Menteri Energi dan Sumber Daya Mineral (ESDM) Arifin Tasrif mengusulkan subsidi tetap untuk solar pada RAPBN 2025 sebesar Rp 1.000 hingga Rp 3.000 per liter. Langkah ini diambil mengingat harga keekonomian atau harga asli solar telah mencapai Rp 12.100 per liter.
Arifin menjelaskan bahwa hingga Mei 2024, dengan subsidi tetap solar sebesar Rp 1.000 per liter, kompensasi yang dialokasikan mencapai Rp 4.496 per liter. “Dalam RAPBN tahun anggaran 2025, kami mengusulkan subsidi tetap untuk minyak solar sebesar Rp 1.000 hingga Rp 3.000 per liter. Hal ini perlu dilakukan mengingat harga keekonomian minyak solar mencapai Rp 12.100/liter, sedangkan harga jual eceran sebesar Rp 6.800/liter,” kata Arifin dalam rapat kerja dengan Komisi VII di Jakarta, Rabu (5/6/2024).
Solar masih banyak digunakan untuk transportasi darat, transportasi laut, kereta api, usaha perikanan, usaha pertanian, usaha mikro, dan pelayanan umum. Oleh karena itu, menjaga harga jual eceran minyak solar tetap stabil sangat penting untuk mendukung berbagai sektor tersebut.
“Dalam rangka efisiensi dan agar subsidi minyak solar tepat sasaran, diperlukan dukungan peningkatan peran dari BPH Migas, PT Pertamina, dan pemerintah daerah dalam pengendalian dan pengawasan konsumsi BBM bersubsidi melalui program digitalisasi atau pengawasan di lapangan,” jelas Arifin.
Pada RAPBN 2025, Menteri ESDM mengusulkan volume BBM bersubsidi sebesar 18,84 hingga 19,99 juta kiloliter (KL). Angka ini terdiri dari minyak tanah sebesar 0,51 hingga 0,55 juta KL dan solar sebesar 18,33 hingga 19,44 juta KL.
“Kebijakan volume BBM bersubsidi pada tahun 2025 melanjutkan pemberian subsidi tetap untuk BBM solar dan subsidi selisih harga untuk minyak tanah. Ini disertai dengan pengendalian volume dan pengawasan atas golongan atau sektor-sektor yang berhak memanfaatkan,” terangnya.

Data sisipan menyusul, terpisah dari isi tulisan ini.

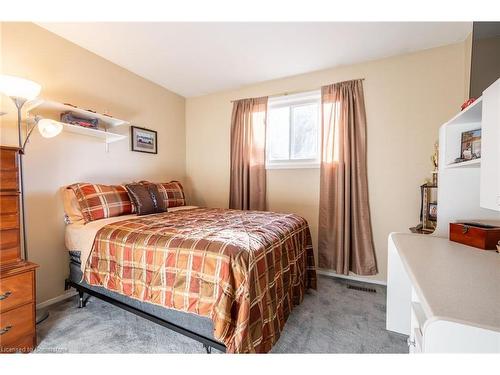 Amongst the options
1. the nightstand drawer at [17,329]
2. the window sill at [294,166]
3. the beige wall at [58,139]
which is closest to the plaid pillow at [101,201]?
the beige wall at [58,139]

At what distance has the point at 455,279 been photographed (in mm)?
757

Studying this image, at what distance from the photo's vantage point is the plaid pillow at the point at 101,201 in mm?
1944

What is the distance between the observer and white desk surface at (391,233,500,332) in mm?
564

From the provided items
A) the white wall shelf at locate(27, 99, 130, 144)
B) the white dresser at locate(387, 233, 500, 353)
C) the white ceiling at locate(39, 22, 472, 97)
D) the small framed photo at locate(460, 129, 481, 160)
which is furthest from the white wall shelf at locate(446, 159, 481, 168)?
the white wall shelf at locate(27, 99, 130, 144)

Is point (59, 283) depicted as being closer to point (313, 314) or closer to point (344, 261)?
point (313, 314)

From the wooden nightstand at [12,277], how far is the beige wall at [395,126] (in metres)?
2.51

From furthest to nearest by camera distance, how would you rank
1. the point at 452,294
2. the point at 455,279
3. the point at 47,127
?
1. the point at 47,127
2. the point at 455,279
3. the point at 452,294

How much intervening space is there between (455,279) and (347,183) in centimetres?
185

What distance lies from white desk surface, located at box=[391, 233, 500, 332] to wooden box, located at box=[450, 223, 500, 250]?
0.04 meters

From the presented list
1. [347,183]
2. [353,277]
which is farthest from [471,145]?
[353,277]

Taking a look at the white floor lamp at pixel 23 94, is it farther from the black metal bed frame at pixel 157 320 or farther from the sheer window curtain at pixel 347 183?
the sheer window curtain at pixel 347 183

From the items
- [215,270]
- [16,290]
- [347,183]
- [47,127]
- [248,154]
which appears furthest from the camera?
[248,154]

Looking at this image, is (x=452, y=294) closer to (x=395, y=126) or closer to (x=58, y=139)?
(x=395, y=126)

Pentingnya Subsidi Tepat Sasaran
Arifin menekankan pentingnya pengawasan ketat dalam penyaluran subsidi BBM agar tepat sasaran. Subsidi yang tidak tepat sasaran dapat mengakibatkan kerugian besar bagi negara dan tidak memberikan manfaat yang optimal bagi masyarakat yang membutuhkan.

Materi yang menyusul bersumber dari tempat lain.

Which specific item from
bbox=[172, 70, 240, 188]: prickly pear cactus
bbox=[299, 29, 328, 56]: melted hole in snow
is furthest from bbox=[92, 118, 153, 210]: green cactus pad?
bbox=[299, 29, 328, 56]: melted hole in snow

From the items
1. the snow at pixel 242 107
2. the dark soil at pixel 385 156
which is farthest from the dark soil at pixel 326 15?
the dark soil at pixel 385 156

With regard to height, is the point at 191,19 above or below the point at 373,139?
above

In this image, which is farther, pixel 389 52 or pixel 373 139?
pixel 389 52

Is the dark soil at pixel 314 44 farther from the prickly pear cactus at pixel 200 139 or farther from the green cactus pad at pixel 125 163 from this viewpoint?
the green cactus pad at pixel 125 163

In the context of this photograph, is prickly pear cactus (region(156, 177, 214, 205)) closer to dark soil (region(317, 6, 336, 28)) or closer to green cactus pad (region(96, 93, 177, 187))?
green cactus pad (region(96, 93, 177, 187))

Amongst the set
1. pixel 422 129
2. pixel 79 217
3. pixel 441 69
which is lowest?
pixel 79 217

“Pengawasan dan pengendalian ini sangat krusial agar subsidi benar-benar dinikmati oleh mereka yang berhak. Kami akan terus berkoordinasi dengan BPH Migas, PT Pertamina, dan pemerintah daerah untuk memastikan hal ini,” tambah Arifin.
Langkah Digitalisasi dan Pengawasan
Untuk mendukung efektivitas pengawasan, pemerintah akan mengimplementasikan program digitalisasi dalam pengelolaan BBM bersubsidi. Dengan teknologi digital, pengawasan dapat dilakukan secara lebih efisien dan transparan.
“Dengan dukungan teknologi digital, kita dapat memantau distribusi BBM bersubsidi secara real-time dan memastikan tidak ada penyimpangan dalam penyalurannya,” jelasnya.
Usulan subsidi tetap solar dalam RAPBN 2025 ini merupakan langkah strategis untuk menjaga stabilitas harga BBM dan mendukung berbagai sektor penting di Indonesia. Dengan pengawasan yang ketat dan dukungan teknologi digital, diharapkan subsidi BBM dapat tepat sasaran dan memberikan manfaat maksimal bagi masyarakat.